Content starts

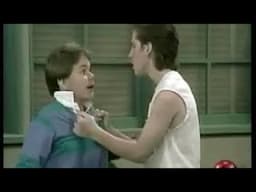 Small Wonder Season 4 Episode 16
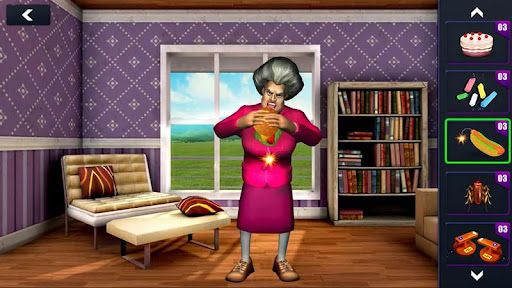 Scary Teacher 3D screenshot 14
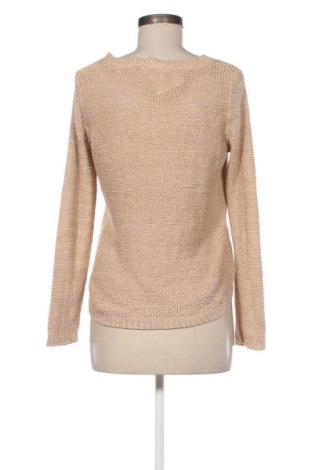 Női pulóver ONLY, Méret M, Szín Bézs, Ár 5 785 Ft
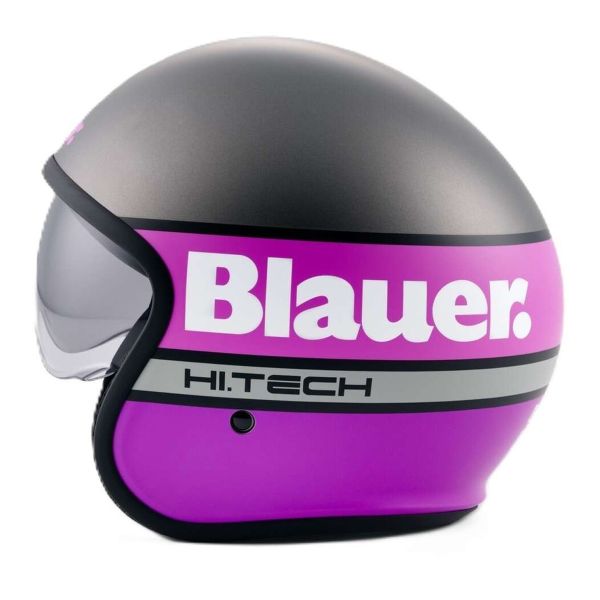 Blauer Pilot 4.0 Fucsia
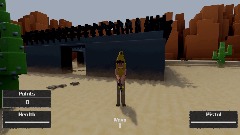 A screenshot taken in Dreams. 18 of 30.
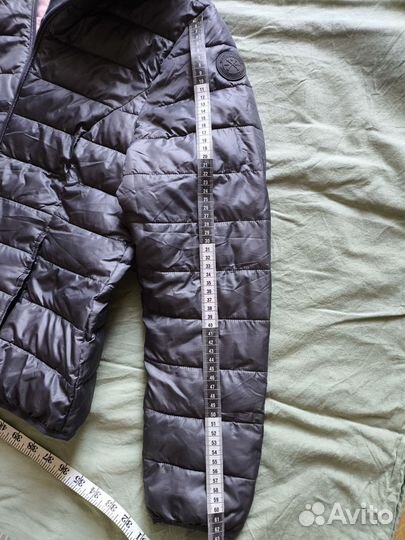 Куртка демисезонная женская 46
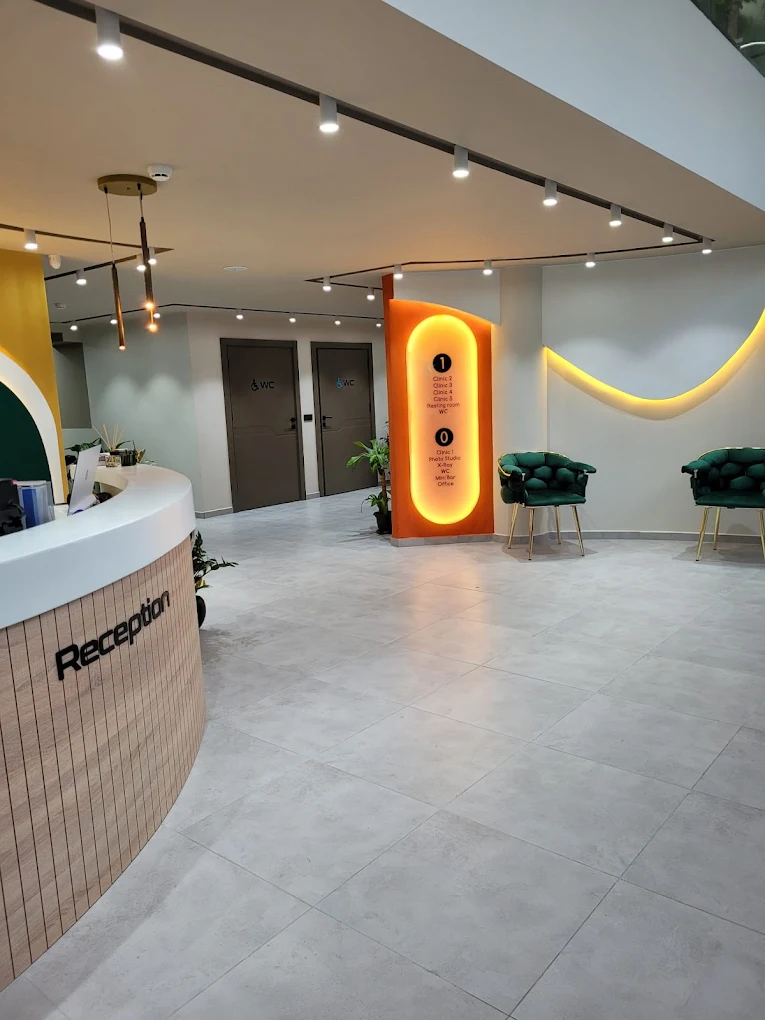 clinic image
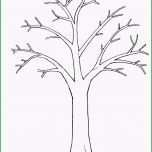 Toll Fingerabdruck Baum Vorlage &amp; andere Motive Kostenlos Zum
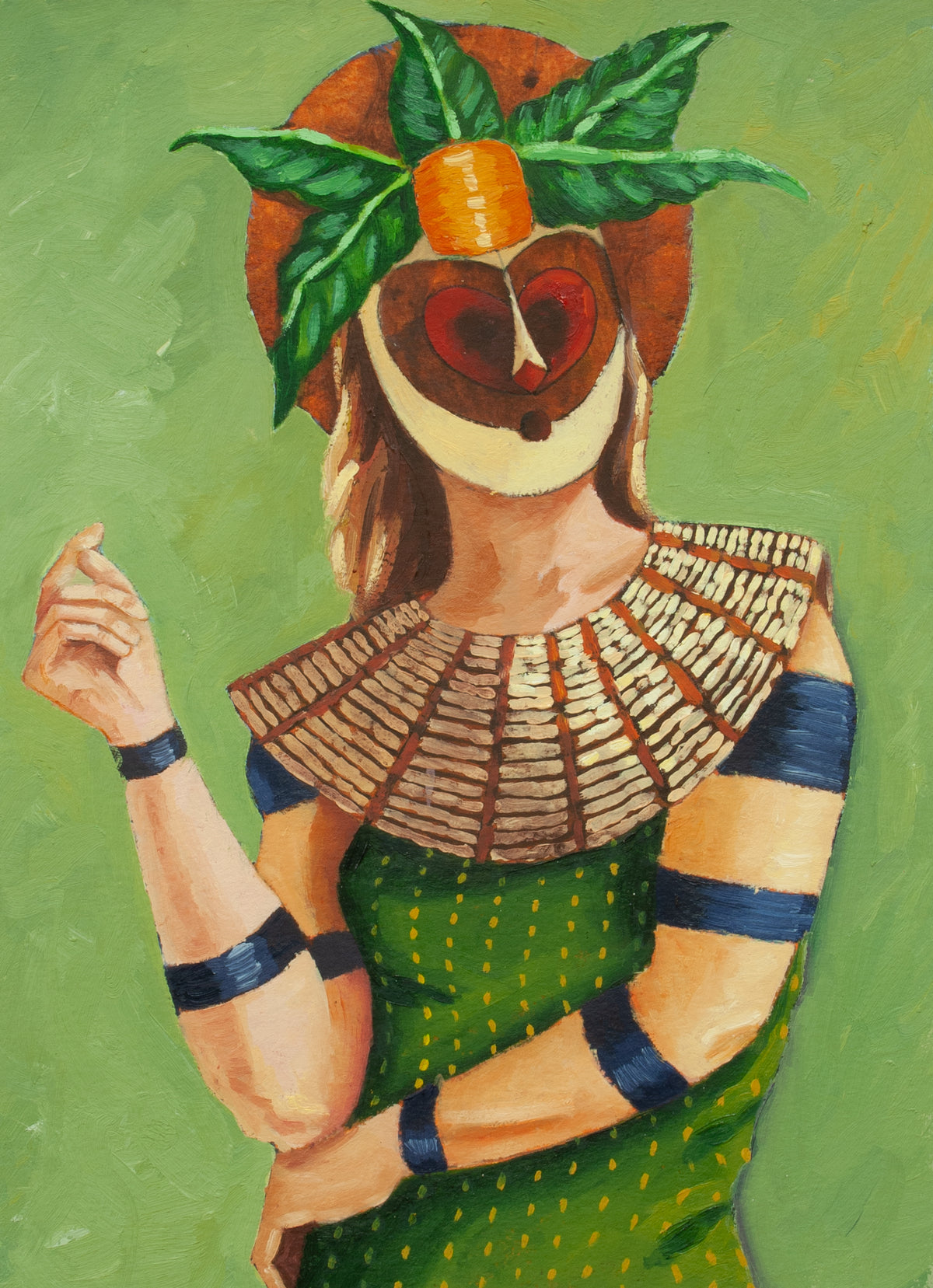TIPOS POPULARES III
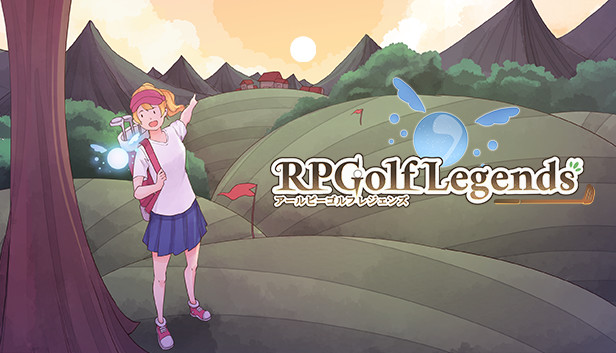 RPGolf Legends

Content ends

■ TASK DESCRIPTION
Copy every record exactly, dropping the images.

■ EXERCISE SOLUTION
 Small Wonder Season 4 Episode 16
 Scary Teacher 3D screenshot 14
 Női pulóver ONLY, Méret M, Szín Bézs, Ár 5 785 Ft
 Blauer Pilot 4.0 Fucsia
 A screenshot taken in Dreams. 18 of 30.
 Куртка демисезонная женская 46
 clinic image
 Toll Fingerabdruck Baum Vorlage &amp; andere Motive Kostenlos Zum
TIPOS POPULARES III
 RPGolf Legends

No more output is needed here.